Yanındakilerle sohbetin ilerlediği bir andır. Söze başlar yine, “Yaptığınız zaman aranızda sevgiyi arttıracak bir şey söyleyeyim mi size?” der. Oradakiler, “buyur ey Allah’ın Rasulü” derler. Dudaklarından akıp gelir işte o güzel sözler. Kulak verelim bu sese. Biz de dinleyelim. Davranışlarımıza dökelim de bu öğüdü davranışlarımız bir güzelleşsin. İşte o güzide insan buyuruyor: “Aranızda selamı yayın.”

 Bu yüzden çok önem vermeliyiz selama.
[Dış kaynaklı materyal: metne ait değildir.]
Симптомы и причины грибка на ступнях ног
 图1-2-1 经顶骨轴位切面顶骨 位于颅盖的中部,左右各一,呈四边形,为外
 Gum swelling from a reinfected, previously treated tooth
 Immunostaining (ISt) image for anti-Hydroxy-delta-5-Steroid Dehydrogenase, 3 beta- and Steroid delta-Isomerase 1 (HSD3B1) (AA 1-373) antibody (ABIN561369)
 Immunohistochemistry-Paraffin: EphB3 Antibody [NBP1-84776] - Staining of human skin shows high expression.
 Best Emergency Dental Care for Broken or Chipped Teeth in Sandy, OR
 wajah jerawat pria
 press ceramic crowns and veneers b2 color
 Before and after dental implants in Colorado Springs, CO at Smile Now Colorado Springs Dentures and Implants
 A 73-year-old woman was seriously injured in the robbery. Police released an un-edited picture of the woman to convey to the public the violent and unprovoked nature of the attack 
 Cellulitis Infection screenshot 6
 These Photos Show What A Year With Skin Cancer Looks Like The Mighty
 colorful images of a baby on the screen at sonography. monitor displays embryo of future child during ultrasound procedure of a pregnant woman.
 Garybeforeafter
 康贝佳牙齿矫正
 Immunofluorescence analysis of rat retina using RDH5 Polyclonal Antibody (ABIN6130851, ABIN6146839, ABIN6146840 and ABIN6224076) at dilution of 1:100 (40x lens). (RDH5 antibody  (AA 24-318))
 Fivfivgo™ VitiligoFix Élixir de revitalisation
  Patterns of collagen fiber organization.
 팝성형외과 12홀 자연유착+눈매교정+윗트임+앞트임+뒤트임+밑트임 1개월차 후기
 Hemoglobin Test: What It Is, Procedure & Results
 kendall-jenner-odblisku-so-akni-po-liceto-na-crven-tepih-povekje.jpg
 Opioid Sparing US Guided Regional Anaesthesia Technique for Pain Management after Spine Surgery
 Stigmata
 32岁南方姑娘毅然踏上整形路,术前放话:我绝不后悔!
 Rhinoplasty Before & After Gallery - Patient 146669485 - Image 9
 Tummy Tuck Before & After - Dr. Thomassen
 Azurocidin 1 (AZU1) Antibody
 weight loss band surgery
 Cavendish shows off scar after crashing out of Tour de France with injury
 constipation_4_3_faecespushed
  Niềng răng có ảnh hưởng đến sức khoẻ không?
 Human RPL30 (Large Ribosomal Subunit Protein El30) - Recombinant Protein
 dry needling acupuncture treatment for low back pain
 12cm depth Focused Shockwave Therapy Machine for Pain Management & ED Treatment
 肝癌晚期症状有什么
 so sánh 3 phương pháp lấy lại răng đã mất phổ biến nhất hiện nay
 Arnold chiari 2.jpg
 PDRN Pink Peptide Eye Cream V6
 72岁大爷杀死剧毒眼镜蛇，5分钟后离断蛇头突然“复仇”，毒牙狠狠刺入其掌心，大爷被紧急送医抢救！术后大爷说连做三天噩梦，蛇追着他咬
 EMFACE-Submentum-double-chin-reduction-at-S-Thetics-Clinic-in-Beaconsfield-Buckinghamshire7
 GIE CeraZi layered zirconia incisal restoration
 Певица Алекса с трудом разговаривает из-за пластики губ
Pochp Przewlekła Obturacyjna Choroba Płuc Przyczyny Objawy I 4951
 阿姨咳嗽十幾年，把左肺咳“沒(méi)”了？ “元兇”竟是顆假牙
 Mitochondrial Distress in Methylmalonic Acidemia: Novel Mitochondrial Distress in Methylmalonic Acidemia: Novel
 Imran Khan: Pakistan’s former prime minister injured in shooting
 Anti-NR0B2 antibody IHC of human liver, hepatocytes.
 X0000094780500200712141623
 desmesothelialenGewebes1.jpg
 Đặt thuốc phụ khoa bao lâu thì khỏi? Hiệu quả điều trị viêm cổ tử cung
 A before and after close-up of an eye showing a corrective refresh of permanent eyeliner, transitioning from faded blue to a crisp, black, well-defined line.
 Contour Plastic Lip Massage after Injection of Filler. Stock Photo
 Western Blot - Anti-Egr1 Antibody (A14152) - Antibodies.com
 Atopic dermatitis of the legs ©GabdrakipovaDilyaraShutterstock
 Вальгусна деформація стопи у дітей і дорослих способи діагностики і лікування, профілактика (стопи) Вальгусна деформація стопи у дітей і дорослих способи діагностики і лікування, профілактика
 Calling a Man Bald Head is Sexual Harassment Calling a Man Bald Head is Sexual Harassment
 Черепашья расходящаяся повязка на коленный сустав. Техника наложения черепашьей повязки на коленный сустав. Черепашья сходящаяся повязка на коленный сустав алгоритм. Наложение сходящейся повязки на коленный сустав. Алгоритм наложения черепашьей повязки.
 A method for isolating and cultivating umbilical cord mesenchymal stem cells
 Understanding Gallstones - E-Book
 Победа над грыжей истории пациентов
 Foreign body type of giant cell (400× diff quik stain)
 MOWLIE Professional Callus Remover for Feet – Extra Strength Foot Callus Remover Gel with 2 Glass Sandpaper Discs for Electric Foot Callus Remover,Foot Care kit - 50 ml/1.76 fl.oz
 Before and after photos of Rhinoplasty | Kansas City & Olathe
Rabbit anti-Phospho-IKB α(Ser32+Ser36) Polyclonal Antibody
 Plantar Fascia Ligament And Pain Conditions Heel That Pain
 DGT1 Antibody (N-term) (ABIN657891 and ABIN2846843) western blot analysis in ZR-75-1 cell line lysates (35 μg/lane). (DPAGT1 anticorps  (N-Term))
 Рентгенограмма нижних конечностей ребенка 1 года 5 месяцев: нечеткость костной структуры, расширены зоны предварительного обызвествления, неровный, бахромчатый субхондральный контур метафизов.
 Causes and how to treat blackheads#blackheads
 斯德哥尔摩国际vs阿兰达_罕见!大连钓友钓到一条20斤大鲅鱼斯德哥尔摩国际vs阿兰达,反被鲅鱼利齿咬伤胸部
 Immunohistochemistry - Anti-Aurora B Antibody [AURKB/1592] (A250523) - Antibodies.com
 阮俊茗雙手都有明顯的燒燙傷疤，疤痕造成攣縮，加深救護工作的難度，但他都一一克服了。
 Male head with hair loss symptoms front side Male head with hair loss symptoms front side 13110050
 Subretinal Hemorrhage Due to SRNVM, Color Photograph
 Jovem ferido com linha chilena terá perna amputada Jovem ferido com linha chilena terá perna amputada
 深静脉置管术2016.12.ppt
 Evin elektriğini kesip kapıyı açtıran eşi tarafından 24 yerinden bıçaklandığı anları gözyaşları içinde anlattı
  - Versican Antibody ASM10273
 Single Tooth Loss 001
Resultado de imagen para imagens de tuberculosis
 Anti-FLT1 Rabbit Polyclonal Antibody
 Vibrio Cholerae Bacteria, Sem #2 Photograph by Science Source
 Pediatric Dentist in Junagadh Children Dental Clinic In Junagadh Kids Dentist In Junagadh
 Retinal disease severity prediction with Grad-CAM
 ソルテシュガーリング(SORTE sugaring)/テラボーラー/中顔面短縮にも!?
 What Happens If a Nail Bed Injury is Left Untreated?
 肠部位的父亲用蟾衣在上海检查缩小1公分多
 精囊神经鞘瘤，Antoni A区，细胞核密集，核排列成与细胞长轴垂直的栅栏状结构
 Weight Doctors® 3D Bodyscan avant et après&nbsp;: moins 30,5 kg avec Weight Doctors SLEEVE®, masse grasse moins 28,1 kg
Barış için, sevgi için. Çünkü selam o kadar önemli ki hayatımızda barışın anahtarı, sevgiye giden yolda atılan ilk adım, olumlu iletişimin başlangıcı.

Kendimize soralım. Bizle sevgi ve barış istemiyor muyuz? Kim istemez ki diyeceğiz. Davranışlarımız aksini söyler gibi. Bireysel hayat tarzı gittikçe daha çok egemen olmuyor mu günümüzde. İnsanlar aynı binalarda birbirlerini tanımadan, tanışmadan, selamlaşmadan, birbirinin yüzüne bile bakmadan yıllardır yaşayıp duruyorlar. Gittikçe uzaklaşıyoruz birbirimizden. Selamdan uzaklaştıkça da artıyor uzaklığımız. Güvenimiz kalmıyor kimseye. Aramızda selamla atacağımız güvenlik temelleri yerine, güvenlik duvarları yükseliyor.

O yüzden selam diyoruz. Mutlaka selam/Selamlaşma. Şu andan itibaren başlayalım selama. Kendimizden başlayalım mesela. Kendimizle barışık olmak çünkü her şeyin başı. Sevgi dolu olmaktır. Sevgi olup akmaktır nice gönüllere. Selam verelim dedik. Verdik selamımızı tanıdıklarımıza ve tanımadıklarımıza.

Elimde kalem

Dilimde kelam

Sözümde selam

Tüm varlığa selam. Güzel bir başlangıç için, barış için, sevgi için?

Bilgimiz olsun.

İyi bir iletişim, sıcak bir diyalog sağlamak için selamlaşmada kullanılan lafızlara takılmayalım. Elde edeceğimiz sonuç daha önemlidir. İslam toplumunda sembol haline gelmiş ve Allah’ın selam, rahmet ve bereketini dilemeyi ifade eden geleneksel selamımız (Selamün Aleyküm) son derece güzel ve anlamlıdır. Ancak günümüzde farklı kültür ve alışkanlıklara sahip insanların bir arada yaşadıkları dikkate alınırsa toplumda sıkça görülen değişik selamlaşma biçimlerini kullanmak da selamlaşmanın amacına hizmet edecektir. Dolayısıyla, yerine göre ‘merhaba’, ‘günaydın’,?nasılsınız?, ‘hayırlı sabahlar’, ‘iyi günler’, ‘iyi akşamlar’, ‘hayırlı geceler’ gibi selamlama kalıplarının kullanılması önemlidir. Selam verenin tercih ettiği kalıba göre karşılık verilmesi, iletişimin sağlıklı olması bakımından güzel, insanlığın gereği olması açından önemli ve dini bakımdan da bir gerekliliktir.